What needs to be done — Reproduce only the lines of the material below that start at the line containing "KCNF1 Antibody" and stop at the line containing "THE END 😂😂😂". Keep both end lines.

Material for this exercise —
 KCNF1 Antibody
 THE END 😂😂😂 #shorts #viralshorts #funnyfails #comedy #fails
--
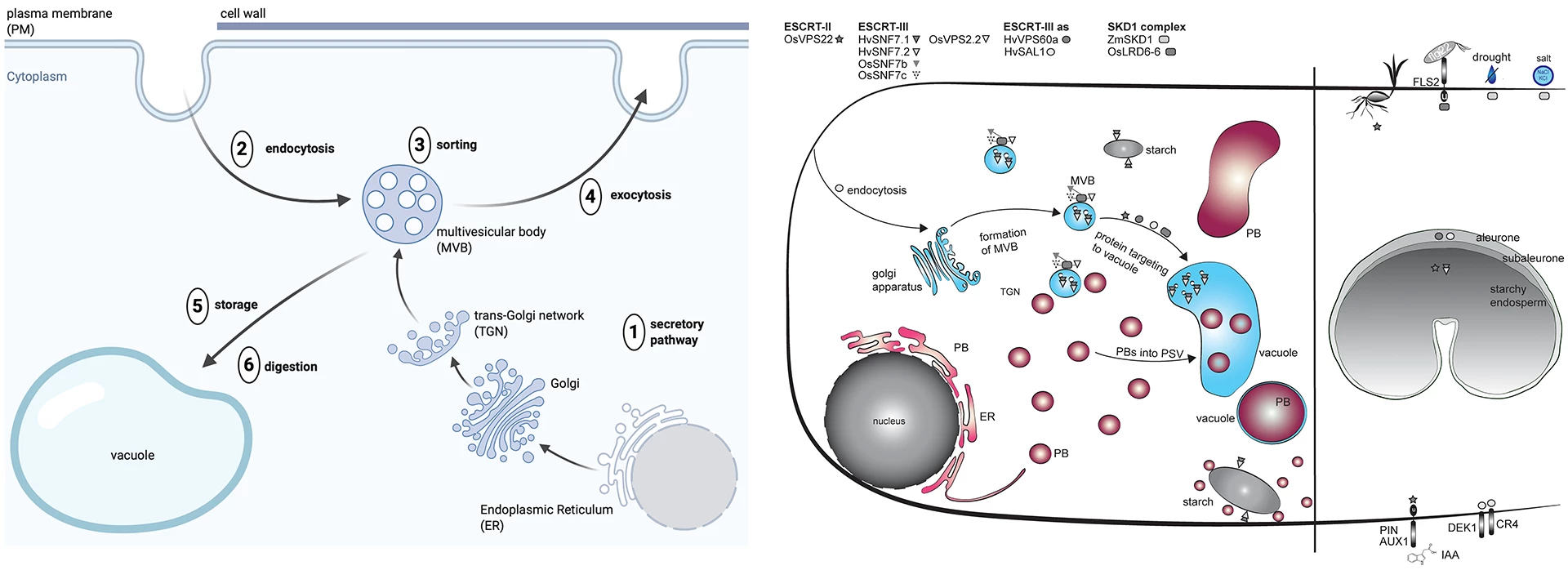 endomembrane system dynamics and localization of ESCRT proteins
...
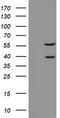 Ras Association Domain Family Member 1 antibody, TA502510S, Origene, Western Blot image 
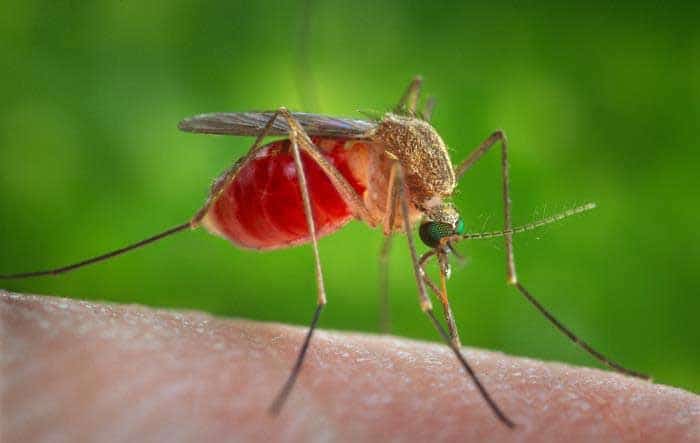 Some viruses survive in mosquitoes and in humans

Response area —
 KCNF1 Antibody
 THE END 😂😂😂 #shorts #viralshorts #funnyfails #comedy #fails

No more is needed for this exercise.